EXERCISE
Using only the entries below, output the lines starting at the one containing "1819 Fox Den Way 3, Greenville, NC 27858" and ending at the one containing "Life I Bring", exactly and inclusive of both, omitting the pictures.

PROVIDED ENTRIES
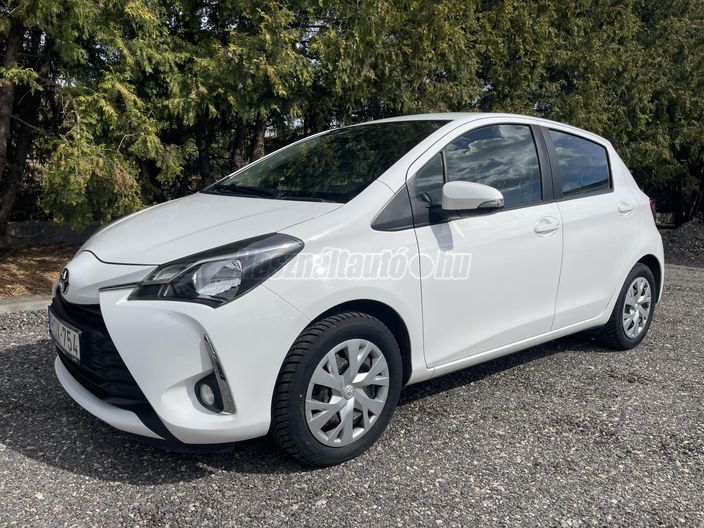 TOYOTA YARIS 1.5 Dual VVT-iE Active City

==

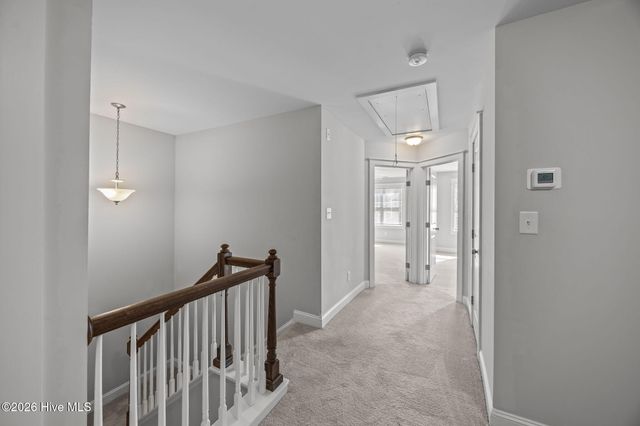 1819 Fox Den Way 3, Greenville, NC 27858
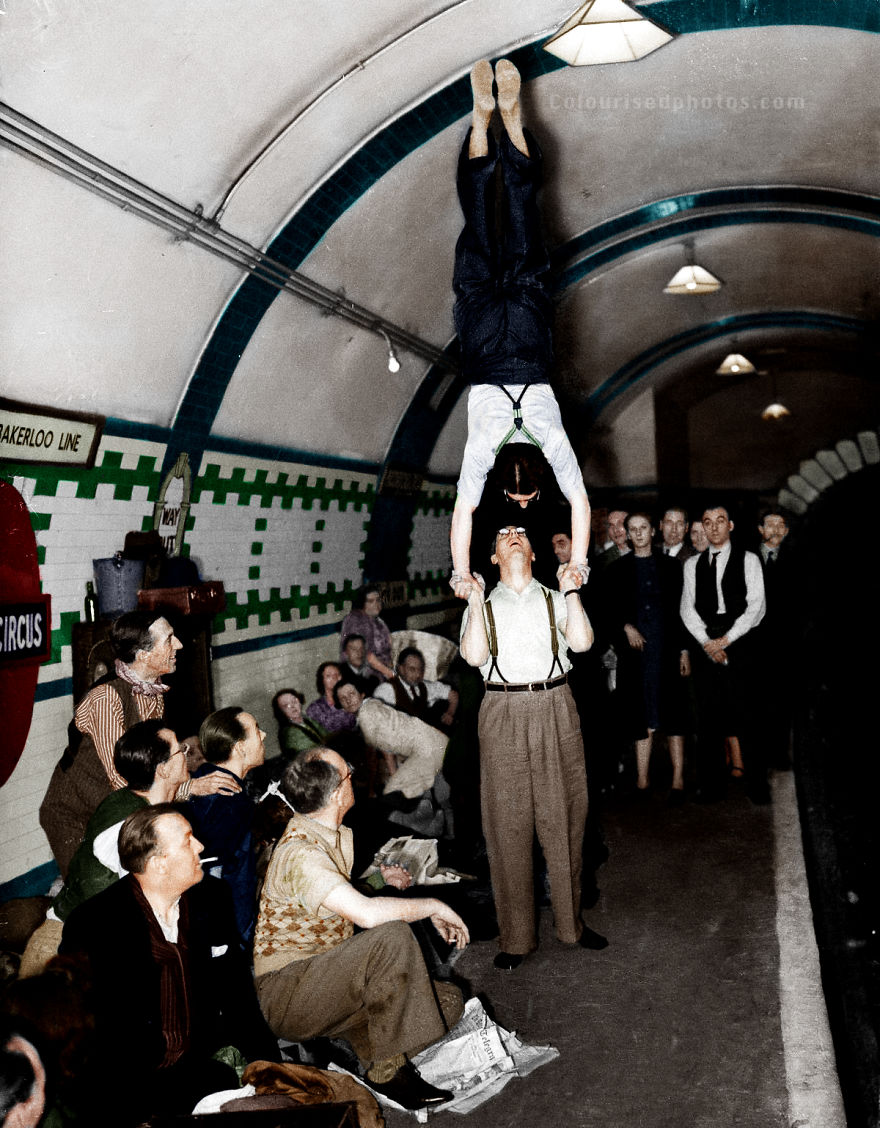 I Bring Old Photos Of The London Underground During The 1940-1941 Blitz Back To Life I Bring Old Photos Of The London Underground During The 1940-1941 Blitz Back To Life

EXPECTED ANSWER
 1819 Fox Den Way 3, Greenville, NC 27858
 I Bring Old Photos Of The London Underground During The 1940-1941 Blitz Back To Life I Bring Old Photos Of The London Underground During The 1940-1941 Blitz Back To Life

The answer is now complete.